Tuesday, March 5, 2013

A city of resilience and revelry

Tuesday, March 5, 2013

New Orleans, LA – Sylvester was the name of our guide and bus driver for the combination city and Hurricane Katrina tour that we took this morning. He spoke with a wonderful lilt and in terms that demonstrated a love for his city, despite her excesses and trials.

We covered a lot of territory and learned so much more about the geography, history and character of this unique community. Passing houses still heavily scarred by the two hurricanes of 2005 that lashed into the region within a month of each other, we realized the extent of the devastation caused, not so much by the vicious winds, but by an inundation of staggering proportions that followed them. Neighbourhoods were plunged under 12 feet of water that remained for three long weeks, and left homes filled with mud, mildew and mold, if they weren’t flattened completely to begin with.
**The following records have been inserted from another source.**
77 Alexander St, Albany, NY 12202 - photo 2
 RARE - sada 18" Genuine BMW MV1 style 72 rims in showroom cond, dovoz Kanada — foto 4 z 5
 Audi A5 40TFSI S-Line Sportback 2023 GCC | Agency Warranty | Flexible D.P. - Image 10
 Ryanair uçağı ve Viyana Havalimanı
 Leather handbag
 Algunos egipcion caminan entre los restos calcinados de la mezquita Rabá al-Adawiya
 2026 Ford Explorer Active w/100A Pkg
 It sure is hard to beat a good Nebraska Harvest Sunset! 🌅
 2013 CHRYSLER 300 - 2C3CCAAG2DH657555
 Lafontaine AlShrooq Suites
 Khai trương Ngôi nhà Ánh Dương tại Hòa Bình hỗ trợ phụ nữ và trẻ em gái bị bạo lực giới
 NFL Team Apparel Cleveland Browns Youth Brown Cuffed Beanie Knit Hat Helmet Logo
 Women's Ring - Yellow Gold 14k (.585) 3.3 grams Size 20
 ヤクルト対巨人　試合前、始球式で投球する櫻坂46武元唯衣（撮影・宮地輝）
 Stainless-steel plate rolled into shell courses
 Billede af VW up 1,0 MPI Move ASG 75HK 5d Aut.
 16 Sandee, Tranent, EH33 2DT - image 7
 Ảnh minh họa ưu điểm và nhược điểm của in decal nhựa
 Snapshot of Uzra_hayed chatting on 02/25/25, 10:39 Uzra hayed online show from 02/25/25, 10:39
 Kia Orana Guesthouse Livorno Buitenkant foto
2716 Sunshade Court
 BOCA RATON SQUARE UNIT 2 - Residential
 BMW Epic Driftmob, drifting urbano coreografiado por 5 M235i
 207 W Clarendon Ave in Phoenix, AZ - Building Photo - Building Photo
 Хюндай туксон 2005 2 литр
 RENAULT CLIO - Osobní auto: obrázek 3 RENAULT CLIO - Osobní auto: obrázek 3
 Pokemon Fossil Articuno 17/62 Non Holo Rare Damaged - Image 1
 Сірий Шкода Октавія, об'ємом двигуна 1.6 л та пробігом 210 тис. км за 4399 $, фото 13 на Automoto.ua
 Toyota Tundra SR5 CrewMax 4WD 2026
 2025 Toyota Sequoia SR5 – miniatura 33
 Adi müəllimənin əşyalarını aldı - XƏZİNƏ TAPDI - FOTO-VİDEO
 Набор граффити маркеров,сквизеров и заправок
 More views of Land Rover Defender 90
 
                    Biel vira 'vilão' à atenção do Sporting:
Sylvester explained the far-reaching consequences of the disaster, such as the sharp downturn for business owners whose customers disappeared for months, and the reduced tax revenues that ensued. People had to decide whether to refurbish or simply walk away and start over somewhere else. Thousands did leave, but the majority remained and rebuilt.

Our tour continued with a visit to the city of the dead, one of several cemeteries built in the Spanish style – large stone boxes above ground where entire families are interred over the years. Some were topped with angels or crosses, and ancient ones mingled with newer structures along paved streets were cars can actually drive through.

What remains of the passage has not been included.